Annoying, but it should work for most queries I'd expect without too much SQL.

I've definitely "rolled my own indexing" like this in the past, though it's more often been duplicating strings into a custom "collation" or other transformations.

Another solution is simply to split your table in two, with the same columns in both, and the index only on one of the tables. But of course that really depends on your business logic -- queries that need to retrieve data from both tables together can get pretty hairy/slow, and if you've got auto-incrementing PKEY's then avoiding collisions between the two tables can be tricky on its own. So this is definitely the less general solution.

Of coure it certainly would be nicer if MySQL supported partial indexes. It seems so useful, I'm surprised it didn't happen long ago.

The first approach is one of the steps towards normalising a database.
Actually it's the opposite of database normalization.

Normalizing removes data redundancy. This adds data redundancy.

When I design a database structure, it's common to start with the most normalized representation possible. And then to denormalize the minimum necessary for performance reasons -- duplicating rows and/or columns just like here so certain data can be retrieved more quickly, whenever indexes aren't powerful or featured enough.

I think what lucian1900 may be thinking is that instead of

    create table purchase_order (
        id int primary key,
        ordered_on timestamptz not null,
        customer_id int not null references customer,
        canceled_on timestamptz
    );
you could have

    create table purchase_order (
        id int primary key,
        ordered_on timestamptz not null,
        customer_id int not null references customer
    );

    create table order_cancelation (
        order_id int primary key references purchase_order,
        canceled_on timestamptz not null
    );
This is indeed a better normalised schema and it allows you to index order_cancelation.canceled_on without worrying about nulls.
Oh then, absolutely.
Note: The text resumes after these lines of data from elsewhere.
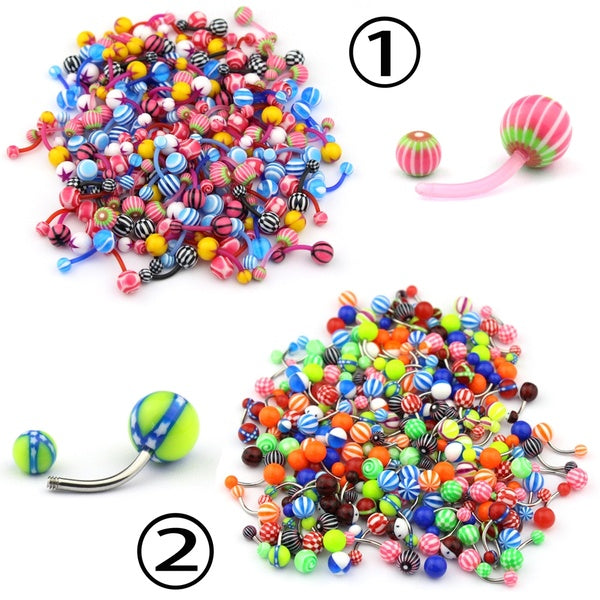 

Assorted Pattern UV Acrylic Ball Stud Belly Button Rings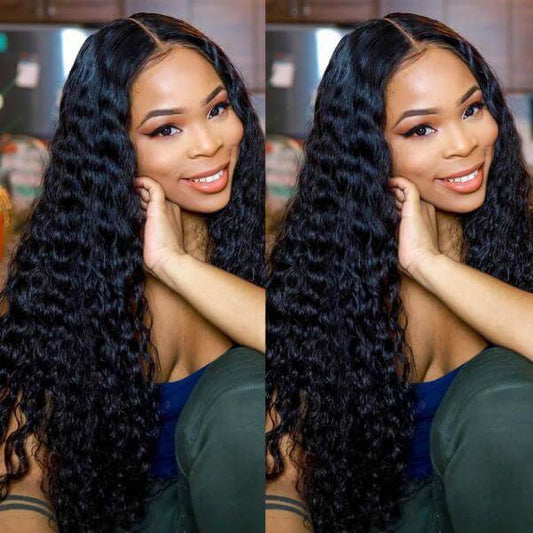 Deep Wave Human Hair Wigs With Baby Hair 360 Lace Frontal Wigs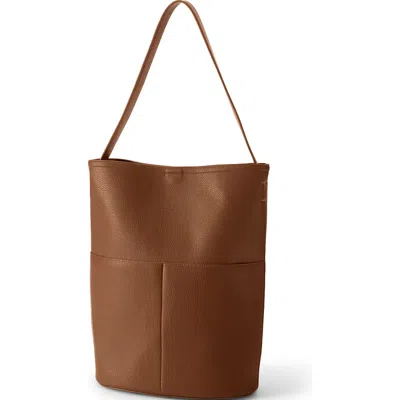 Lands' End Faux Leather Bucket Bag In Dark Caramel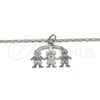 Rhodium Gold Filled Pendant Necklace, Little Girl and Little Boy Design, Polished, Rhodium Finish, 04.106.0030.1.20 (02 MM Thickness, 20 Inches Length)
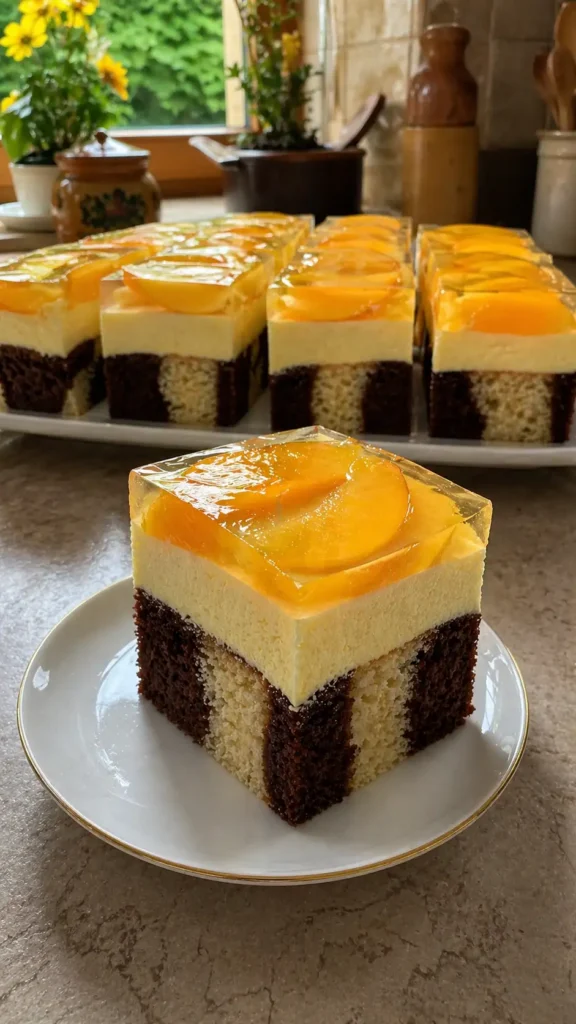 Łaciate z brzoskwiniami – sprawdzony przepis na efektowne ciasto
I was assuming a constraint that columns couldn't be removed from the original table. But if you can, then your example is an even better solution.
Exactly, that’s what I thought was being described.
Could you create a temporary high memory slave MySQL server, sync the master, add the index, sync back to master, and decommission the temporary high memory? I don't know enough about master/slave operations to know if it would work.
'malinens doesn't have the storage space to store an index over a column if all values in the column are indexed. They want to index only some values, but not others. This feature does not exist in MySQL.
MySQL has pluggable storage engines. TokuDB does what you're after (adds indexes on the fly, as well as alter tables on the fly without overloading the server).
This page about TokuDB reads:

> TokuDB has been deprecated by its upstream maintainer. It is disabled from MariaDB 10.5 and has been been removed in MariaDB 10.6 - MDEV-19780. We recommend MyRocks as a long-term migration path.

https://mariadb.com/kb/en/tokudb/

Is MyRocks comparable?

Altering table online without using pt-online-schema-change doesn't help if they want an index that covers only some of the keys but not others.